Navigation

Helen Bailey

Helen Bailey studied Theatre at Dartington College of Arts, specialising in Writing and Voice. After finishing her degree, she concentrated on music, forming a band which played in Ireland and Algeria and a record label, DogFish Records, with her partner. She is interested in bad women, landscapes and the altered everyday. She lives near the marshes in Hackney and is working on a collection of poems and her first novel.
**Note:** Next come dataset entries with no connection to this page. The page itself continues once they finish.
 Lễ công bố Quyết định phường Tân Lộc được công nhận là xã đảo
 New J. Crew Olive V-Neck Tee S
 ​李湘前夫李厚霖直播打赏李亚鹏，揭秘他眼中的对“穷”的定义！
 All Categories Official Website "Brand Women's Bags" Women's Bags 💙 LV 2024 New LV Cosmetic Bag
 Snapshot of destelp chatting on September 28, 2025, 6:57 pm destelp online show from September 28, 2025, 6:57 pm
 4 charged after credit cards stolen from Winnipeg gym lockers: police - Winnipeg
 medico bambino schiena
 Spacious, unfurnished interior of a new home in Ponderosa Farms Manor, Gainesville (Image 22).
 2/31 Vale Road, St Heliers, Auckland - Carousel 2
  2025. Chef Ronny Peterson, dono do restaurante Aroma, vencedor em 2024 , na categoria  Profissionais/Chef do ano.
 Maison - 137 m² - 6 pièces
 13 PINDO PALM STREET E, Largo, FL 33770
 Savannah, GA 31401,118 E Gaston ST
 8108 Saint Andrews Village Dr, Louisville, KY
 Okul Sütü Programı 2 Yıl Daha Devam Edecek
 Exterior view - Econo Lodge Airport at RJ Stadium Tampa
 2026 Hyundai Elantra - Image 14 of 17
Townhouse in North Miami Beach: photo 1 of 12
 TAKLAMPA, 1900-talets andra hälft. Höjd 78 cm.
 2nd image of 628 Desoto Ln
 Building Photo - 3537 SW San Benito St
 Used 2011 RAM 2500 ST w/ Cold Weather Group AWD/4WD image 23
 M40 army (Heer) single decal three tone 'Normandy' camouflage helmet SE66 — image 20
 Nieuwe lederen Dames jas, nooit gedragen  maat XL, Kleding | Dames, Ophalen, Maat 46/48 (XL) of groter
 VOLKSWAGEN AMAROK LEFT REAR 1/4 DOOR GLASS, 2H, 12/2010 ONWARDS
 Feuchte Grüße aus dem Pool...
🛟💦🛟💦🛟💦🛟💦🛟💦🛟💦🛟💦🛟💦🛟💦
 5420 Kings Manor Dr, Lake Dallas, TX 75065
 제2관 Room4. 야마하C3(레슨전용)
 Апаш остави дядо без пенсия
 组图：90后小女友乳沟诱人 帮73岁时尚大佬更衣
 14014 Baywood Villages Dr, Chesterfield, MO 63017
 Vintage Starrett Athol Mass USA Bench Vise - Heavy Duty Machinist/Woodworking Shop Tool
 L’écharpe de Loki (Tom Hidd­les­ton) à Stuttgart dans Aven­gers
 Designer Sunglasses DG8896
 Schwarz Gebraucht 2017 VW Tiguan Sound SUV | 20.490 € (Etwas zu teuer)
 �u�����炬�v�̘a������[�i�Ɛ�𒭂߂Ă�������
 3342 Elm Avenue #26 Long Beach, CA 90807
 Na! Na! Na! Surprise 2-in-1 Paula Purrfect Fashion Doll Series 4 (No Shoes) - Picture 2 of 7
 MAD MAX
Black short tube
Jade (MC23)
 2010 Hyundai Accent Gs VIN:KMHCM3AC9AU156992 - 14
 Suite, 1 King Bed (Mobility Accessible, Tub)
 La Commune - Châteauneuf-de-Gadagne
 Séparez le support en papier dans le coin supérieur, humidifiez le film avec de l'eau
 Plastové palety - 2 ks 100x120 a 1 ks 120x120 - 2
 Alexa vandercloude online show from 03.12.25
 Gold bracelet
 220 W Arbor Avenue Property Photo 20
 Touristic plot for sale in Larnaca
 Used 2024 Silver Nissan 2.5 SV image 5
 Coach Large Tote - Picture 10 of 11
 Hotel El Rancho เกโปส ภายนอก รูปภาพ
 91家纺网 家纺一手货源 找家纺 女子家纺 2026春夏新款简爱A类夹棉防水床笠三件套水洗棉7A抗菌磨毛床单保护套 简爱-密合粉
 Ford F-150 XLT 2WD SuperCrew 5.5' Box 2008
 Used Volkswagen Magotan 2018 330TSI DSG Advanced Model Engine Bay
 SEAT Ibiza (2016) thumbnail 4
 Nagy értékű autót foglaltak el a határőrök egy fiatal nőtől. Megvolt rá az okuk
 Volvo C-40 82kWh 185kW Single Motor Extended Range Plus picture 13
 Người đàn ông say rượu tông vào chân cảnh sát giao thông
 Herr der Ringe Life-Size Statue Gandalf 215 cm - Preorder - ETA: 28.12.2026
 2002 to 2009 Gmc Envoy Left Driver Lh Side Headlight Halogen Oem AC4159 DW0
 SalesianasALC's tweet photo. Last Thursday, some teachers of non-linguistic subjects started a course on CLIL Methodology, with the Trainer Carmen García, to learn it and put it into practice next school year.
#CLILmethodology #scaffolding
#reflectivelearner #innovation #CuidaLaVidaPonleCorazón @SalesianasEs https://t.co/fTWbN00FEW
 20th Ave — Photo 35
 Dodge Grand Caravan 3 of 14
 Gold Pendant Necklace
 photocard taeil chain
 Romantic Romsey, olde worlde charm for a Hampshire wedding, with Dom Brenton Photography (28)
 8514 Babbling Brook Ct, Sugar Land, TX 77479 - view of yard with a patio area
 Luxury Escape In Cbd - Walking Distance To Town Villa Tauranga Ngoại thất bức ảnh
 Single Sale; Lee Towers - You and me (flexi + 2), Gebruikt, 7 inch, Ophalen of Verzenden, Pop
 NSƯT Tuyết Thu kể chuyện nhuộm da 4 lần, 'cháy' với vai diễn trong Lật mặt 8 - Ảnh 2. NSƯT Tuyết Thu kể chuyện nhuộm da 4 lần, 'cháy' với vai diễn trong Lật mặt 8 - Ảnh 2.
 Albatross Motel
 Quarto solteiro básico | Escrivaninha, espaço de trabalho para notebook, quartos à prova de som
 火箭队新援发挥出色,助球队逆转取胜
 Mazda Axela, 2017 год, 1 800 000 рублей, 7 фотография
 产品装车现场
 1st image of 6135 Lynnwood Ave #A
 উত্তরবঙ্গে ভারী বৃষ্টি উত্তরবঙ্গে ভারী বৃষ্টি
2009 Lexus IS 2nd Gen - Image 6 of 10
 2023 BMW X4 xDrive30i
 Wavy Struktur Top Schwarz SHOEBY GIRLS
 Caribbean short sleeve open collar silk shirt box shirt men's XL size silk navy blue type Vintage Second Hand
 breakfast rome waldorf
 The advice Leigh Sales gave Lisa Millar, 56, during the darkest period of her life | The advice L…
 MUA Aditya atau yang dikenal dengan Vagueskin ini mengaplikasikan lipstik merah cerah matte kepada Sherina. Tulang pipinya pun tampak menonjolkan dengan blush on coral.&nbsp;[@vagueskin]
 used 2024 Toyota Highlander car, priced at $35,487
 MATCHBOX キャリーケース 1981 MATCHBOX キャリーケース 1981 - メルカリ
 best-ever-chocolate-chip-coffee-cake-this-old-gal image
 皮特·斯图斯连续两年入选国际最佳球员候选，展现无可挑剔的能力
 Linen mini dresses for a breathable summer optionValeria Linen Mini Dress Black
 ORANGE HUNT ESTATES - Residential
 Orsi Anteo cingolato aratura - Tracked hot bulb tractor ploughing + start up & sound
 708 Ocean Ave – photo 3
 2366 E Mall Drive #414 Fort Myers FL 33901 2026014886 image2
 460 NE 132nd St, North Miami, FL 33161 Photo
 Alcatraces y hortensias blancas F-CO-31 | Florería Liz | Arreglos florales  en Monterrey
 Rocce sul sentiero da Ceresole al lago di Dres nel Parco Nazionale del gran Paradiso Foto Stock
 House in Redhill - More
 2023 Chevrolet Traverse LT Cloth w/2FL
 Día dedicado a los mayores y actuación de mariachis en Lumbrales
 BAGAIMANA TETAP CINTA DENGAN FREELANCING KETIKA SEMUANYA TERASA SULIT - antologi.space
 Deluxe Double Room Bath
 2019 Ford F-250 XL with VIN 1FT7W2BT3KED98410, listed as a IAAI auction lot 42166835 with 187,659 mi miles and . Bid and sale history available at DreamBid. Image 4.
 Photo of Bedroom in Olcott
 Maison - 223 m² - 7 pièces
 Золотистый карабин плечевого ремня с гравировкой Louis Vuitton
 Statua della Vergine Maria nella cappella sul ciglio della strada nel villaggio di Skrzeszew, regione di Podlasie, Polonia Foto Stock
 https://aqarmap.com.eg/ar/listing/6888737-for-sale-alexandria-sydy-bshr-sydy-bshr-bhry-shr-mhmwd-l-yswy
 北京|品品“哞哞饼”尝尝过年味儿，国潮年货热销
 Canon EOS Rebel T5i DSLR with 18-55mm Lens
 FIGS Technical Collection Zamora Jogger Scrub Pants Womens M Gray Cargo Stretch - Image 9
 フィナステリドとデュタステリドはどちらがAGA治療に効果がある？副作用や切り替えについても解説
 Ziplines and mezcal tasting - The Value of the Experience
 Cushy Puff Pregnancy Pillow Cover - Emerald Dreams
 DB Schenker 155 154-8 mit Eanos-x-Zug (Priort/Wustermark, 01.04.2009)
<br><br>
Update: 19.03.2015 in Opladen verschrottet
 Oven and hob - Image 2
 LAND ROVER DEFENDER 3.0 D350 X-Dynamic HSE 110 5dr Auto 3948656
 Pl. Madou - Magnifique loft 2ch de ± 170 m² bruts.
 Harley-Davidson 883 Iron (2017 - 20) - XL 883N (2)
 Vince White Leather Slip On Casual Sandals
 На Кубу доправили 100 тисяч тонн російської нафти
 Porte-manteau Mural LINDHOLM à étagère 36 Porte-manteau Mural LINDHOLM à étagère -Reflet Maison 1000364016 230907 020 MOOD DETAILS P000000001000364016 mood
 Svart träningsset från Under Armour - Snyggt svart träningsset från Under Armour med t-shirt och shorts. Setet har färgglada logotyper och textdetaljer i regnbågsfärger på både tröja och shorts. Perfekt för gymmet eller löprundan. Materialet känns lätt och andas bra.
Contact: hbail003@gold.ac.uk

 

 

 

Knife

 

There’s a certain knife
slim, steel, aqua blue.
A beauty, so sharp it lives in a sheath on its own
and which, when I hold in my hand
I imagine sliding into the warm black fur
Of my cat’s belly –
become a Murakami witch.

 

It happens every morning as I slice fruit
and I wonder at my cruelty.

 

My father once told me he had a recurring nightmare
I was grateful he spared me the images –
my own library of cruelty is full enough.
But I wonder in what dark place we met
and laid out the templates of our fear
that I must remind myself of it, of him,
every morning
with the knife my sister gave me.

 

 

NV

 

Did anyone tell you about the drowned girl?
Found in the reeds of the river Dart, with her slender neck
broken – some blamed a swan – some the knicker-snatcher.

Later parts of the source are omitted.